A 21g ball is fastened to one end of a string 68cm long and the other end is fixed to a point on a ceiling that makes an angle of 28 degrees with the vertical. This angle remains constant as the ball rotates in a horizontal circle. The angle theta would remain constant only for a particular speed of the ball in a circular path. The accleration og gravity is 9.8m/s2. FInd this speed. Answer in m/s
2007-10-20 11:23:28 · 4 answers · asked by akanthasy 1 in Science & Mathematics ➔ Physics
i dont no the speed
2007-10-20 11:25:33 · answer #1 · answered by S.A.2008 3 · 0⤊ 1⤋
Since the ball moves in a circle, the net force on the ball is directed radially inward in the plane of the circle, with magnitude v^2/r, where v is the speed of the ball and r is the radius of the circle. You can calculate r from the length and angle of the string, right? (A force that causes circular motion is called a centripetal force.)

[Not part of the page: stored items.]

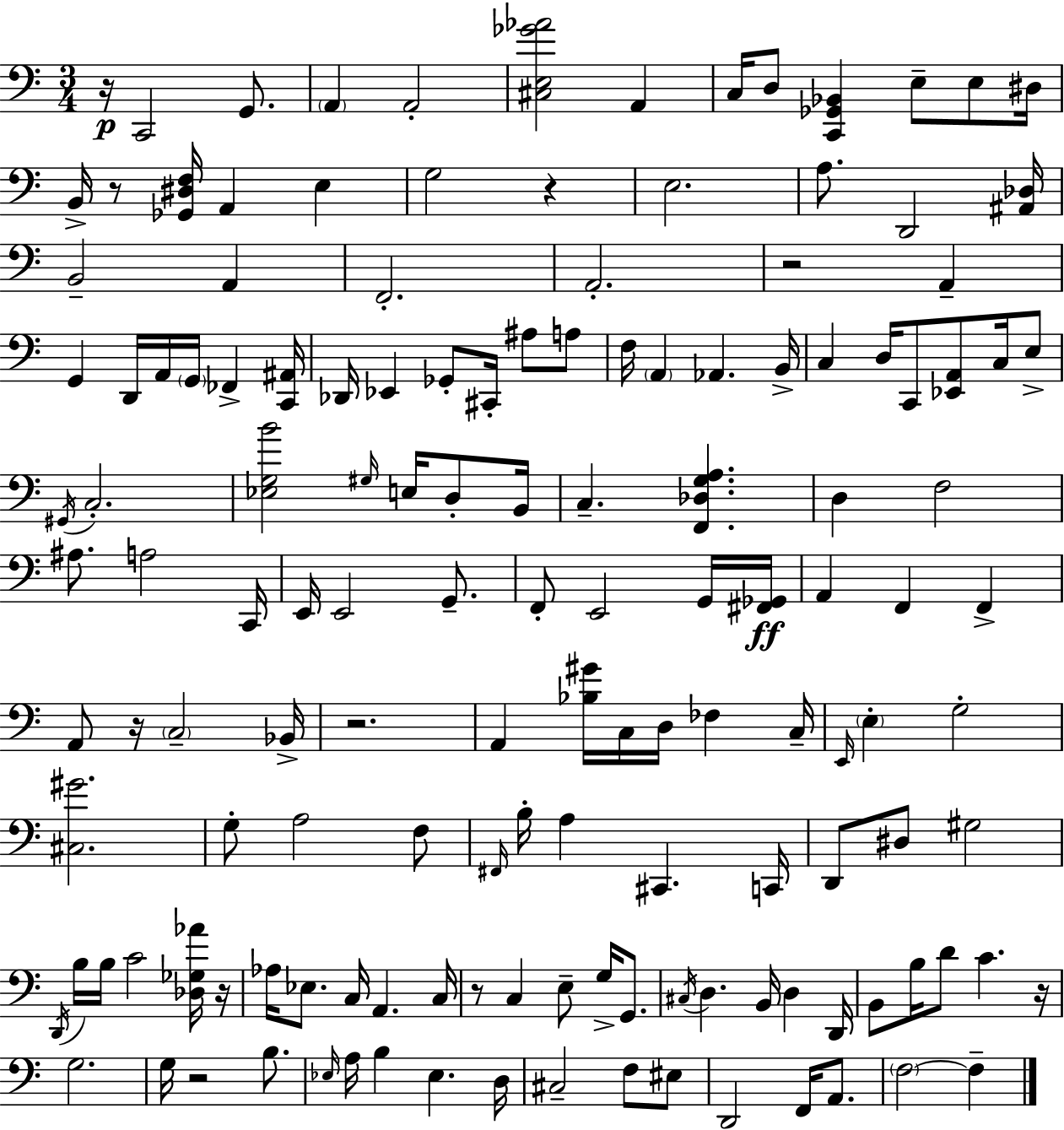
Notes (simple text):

R/s C2/h G2/e. A2/q A2/h [C#3,E3,Gb4,Ab4]/h A2/q C3/s D3/e [C2,Gb2,Bb2]/q E3/e E3/e D#3/s B2/s R/e [Gb2,D#3,F3]/s A2/q E3/q G3/h R/q E3/h. A3/e. D2/h [A#2,Db3]/s B2/h A2/q F2/h. A2/h. R/h A2/q G2/q D2/s A2/s G2/s FES2/q [C2,A#2]/s Db2/s Eb2/q Gb2/e C#2/s A#3/e A3/e F3/s A2/q Ab2/q. B2/s C3/q D3/s C2/e [Eb2,A2]/e C3/s E3/e G#2/s C3/h. [Eb3,G3,B4]/h G#3/s E3/s D3/e B2/s C3/q. [F2,Db3,G3,A3]/q. D3/q F3/h A#3/e. A3/h C2/s E2/s E2/h G2/e. F2/e E2/h G2/s [F#2,Gb2]/s A2/q F2/q F2/q A2/e R/s C3/h Bb2/s R/h. A2/q [Bb3,G#4]/s C3/s D3/s FES3/q C3/s E2/s E3/q G3/h [C#3,G#4]/h. G3/e A3/h F3/e F#2/s B3/s A3/q C#2/q. C2/s D2/e D#3/e G#3/h D2/s B3/s B3/s C4/h [Db3,Gb3,Ab4]/s R/s Ab3/s Eb3/e. C3/s A2/q. C3/s R/e C3/q E3/e G3/s G2/e. C#3/s D3/q. B2/s D3/q D2/s B2/e B3/s D4/e C4/q. R/s G3/h. G3/s R/h B3/e. Eb3/s A3/s B3/q Eb3/q. D3/s C#3/h F3/e EIS3/e D2/h F2/s A2/e. F3/h F3/q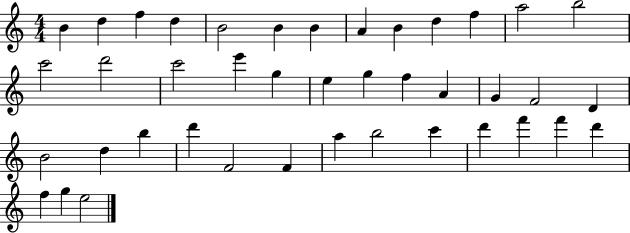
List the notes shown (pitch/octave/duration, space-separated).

B4/q D5/q F5/q D5/q B4/h B4/q B4/q A4/q B4/q D5/q F5/q A5/h B5/h C6/h D6/h C6/h E6/q G5/q E5/q G5/q F5/q A4/q G4/q F4/h D4/q B4/h D5/q B5/q D6/q F4/h F4/q A5/q B5/h C6/q D6/q F6/q F6/q D6/q F5/q G5/q E5/h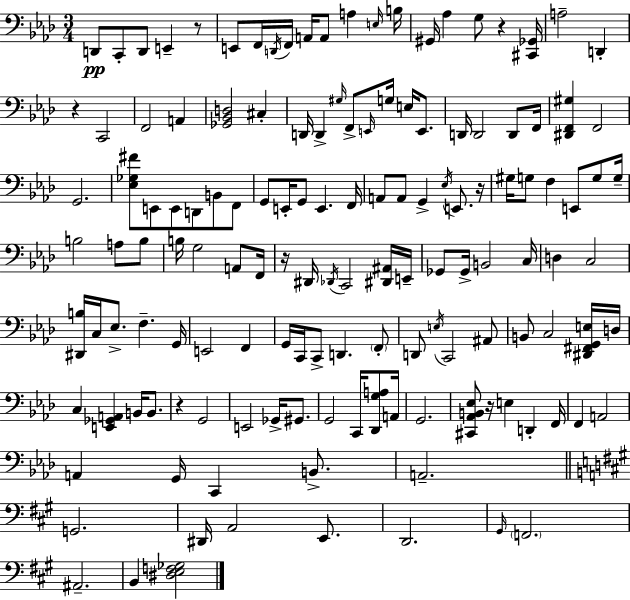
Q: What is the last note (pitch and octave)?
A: B2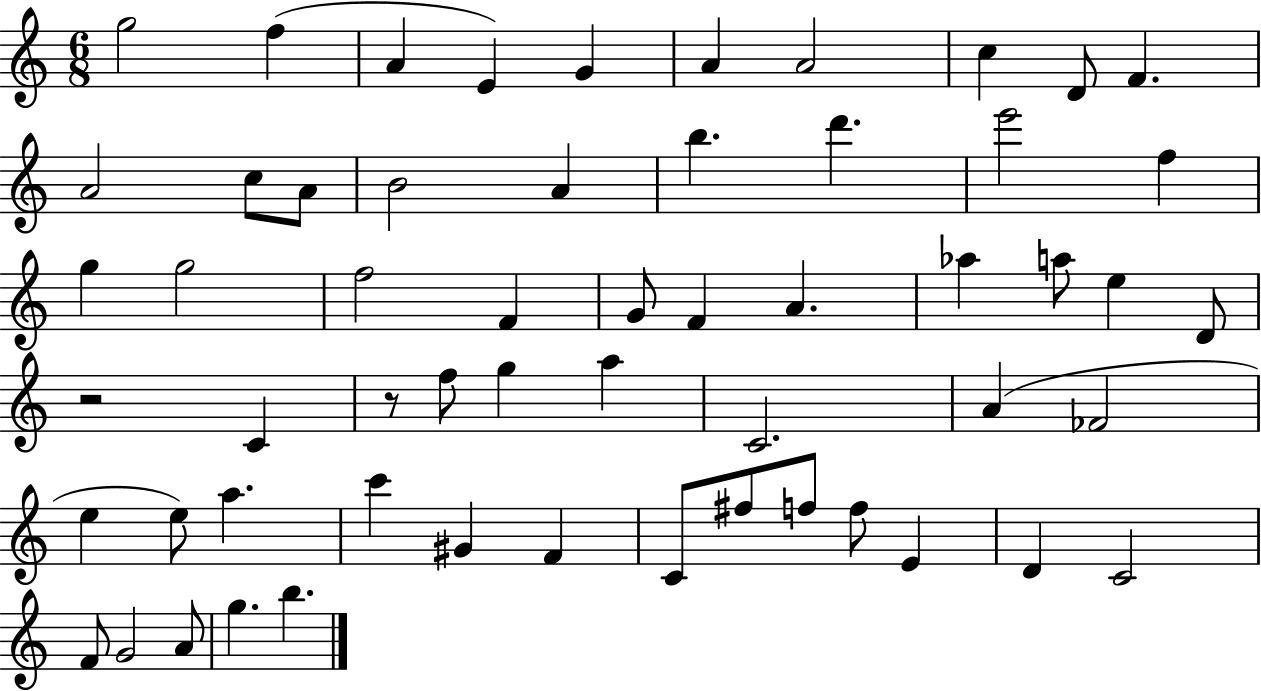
X:1
T:Untitled
M:6/8
L:1/4
K:C
g2 f A E G A A2 c D/2 F A2 c/2 A/2 B2 A b d' e'2 f g g2 f2 F G/2 F A _a a/2 e D/2 z2 C z/2 f/2 g a C2 A _F2 e e/2 a c' ^G F C/2 ^f/2 f/2 f/2 E D C2 F/2 G2 A/2 g b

This gives the net force as m*v^2/r, also directed radially inward. This net force must be the vector sum of all external forces, of which there are two: the downward force of gravity, and the force from the tension (T) in the string.
The net vertical force is zero, so the vertical component of the string tension force must be mg. (Why?)
This lets you compute the tension T of the string in terms of m and v (which are given) and r (which you calculated above).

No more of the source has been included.